A positive association between treatment and survival is also seen for the disease-modifying therapy azacitidine in higher-risk MDS.13 For studies examining survival and treatment with erythropoiesis-stimulating agents (ESAs) in MDS, results have been mixed. A retrospective multivariate analysis of patients treated with ESAs with or without granulocyte colony-stimulating factors (G-CSFs) reported that survival, but not disease progression, was improved in the ESA-responsive cohort compared with an untreated IPSS/IMRAW (International MDS Risk Analysis/Workshop) cohort.14 Another multivariate analysis, comparing patients treated with ESAs plus G-CSFs with a control cohort of untreated MDS patients, found better survival with ESA treatment, particularly for those requiring fewer than two red blood cell units transfused per month.15 However, a small randomized phase 3 Eastern Cooperative Oncology Group (ECOG) study of patients receiving supportive care alone or supportive care plus ESAs with or without G-CSFs found no difference in survival, and that survival was increased for those who responded to ESA treatment.16 Whether ESA treatment improves survival in MDS may become clearer as ongoing studies report results.

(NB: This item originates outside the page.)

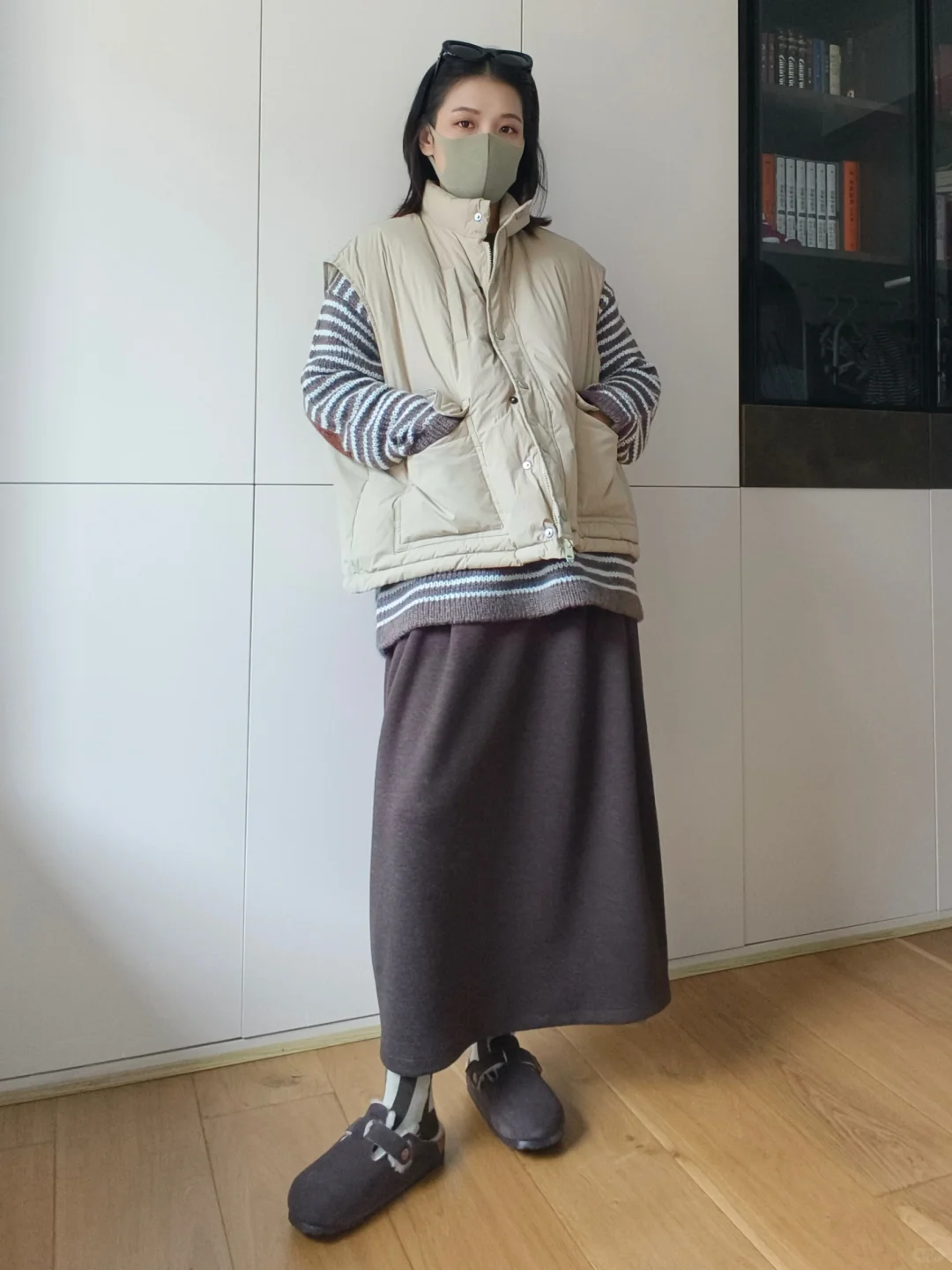 羽绒马甲应该是冬日实用好帮手吧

In summary, these data indicate that platelet response criteria, specifically those that incorporate durable response, such as IWG 2006, correlate with overall survival and have the potential to be used as interim markers for clinically significant outcomes. However, a limitation of this data set is that the study drug treatment was ended early owing to concerns regarding transient increases in peripheral blast cell counts with romiplostim that put patients at risk for the diagnosis of and treatment for AML. Therefore, the data set was incomplete, and it is possible that different results regarding the association of platelet response measures and clinical outcomes would have been obtained with a fuller data set. Evaluation is needed of these associations in either past MDS clinical trials of interventions to raise platelets or future ones to confirm that these findings occur in the broader context.